Since we’ve reached feature parity, we now plan on investing our efforts in two main areas. The first is to continue to improve the core ScyllaDB promise, keep raising the bar with awesome performance out of the box, verifying that no matter what happens, P99 latency is the lowest. ScyllaDB tracks latency violations and we still have a few to iron out. Repair speed should continue to be improved and we’d like to invest in workload shedding so ScyllaDB will be able to sustain all types of bursts, including ones with unbounded parallelism.

Another important core enhancement is around elasticity. We want to make it easy, fast and reliable to add and remove nodes, multiple nodes at a time, with minimal interruptions from compactions and simpler operations (further automating repairs, nodetool cleanup and so forth).

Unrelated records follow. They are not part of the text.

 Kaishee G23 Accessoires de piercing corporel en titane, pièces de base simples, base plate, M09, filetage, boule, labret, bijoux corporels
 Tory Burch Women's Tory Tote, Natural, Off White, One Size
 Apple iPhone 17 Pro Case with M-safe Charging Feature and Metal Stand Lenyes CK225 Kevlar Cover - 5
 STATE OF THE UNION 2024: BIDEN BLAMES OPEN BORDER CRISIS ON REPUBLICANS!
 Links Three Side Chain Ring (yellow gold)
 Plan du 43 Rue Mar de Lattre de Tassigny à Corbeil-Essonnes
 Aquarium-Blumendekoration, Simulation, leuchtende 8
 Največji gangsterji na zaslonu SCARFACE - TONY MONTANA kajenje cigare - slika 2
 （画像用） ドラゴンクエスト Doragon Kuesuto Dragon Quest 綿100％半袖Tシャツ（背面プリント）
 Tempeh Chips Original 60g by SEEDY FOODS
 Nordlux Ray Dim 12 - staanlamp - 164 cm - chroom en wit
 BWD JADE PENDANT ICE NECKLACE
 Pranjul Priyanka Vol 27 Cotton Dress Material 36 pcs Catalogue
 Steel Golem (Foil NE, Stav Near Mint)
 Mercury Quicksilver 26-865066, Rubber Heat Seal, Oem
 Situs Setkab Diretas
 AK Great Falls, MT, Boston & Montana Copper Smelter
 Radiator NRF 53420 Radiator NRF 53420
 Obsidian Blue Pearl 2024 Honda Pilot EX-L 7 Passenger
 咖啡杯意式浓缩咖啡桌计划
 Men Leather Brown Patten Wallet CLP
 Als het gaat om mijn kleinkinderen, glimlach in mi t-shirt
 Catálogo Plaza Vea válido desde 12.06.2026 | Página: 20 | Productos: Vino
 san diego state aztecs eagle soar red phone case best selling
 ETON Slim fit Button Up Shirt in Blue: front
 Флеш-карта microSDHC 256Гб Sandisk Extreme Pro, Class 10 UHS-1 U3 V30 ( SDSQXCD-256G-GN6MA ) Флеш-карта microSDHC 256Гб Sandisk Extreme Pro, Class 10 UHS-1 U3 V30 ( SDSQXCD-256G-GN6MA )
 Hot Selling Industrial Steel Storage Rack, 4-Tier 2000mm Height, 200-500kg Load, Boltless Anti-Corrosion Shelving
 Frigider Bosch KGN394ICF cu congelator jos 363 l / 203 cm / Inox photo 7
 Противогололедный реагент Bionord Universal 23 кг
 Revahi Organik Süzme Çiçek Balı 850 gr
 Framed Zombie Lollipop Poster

The second major area is ease of use. Now that we’ve got drivers such as GocqlX and sharded Go, Java and Python drivers, it is time to simplify the onboarding experience with best practices, to simplify migration, to add a component called ScyllaDB Advisor, which will automatically indicate where there may be configuration issues or performance challenges. We’ll add machine images on GCP and Azure, productize our k8s operator, make ScyllaDB Cloud more elastic and add more self service operations. The list goes on.

For now, as my friends in India like to say, happy upgradation!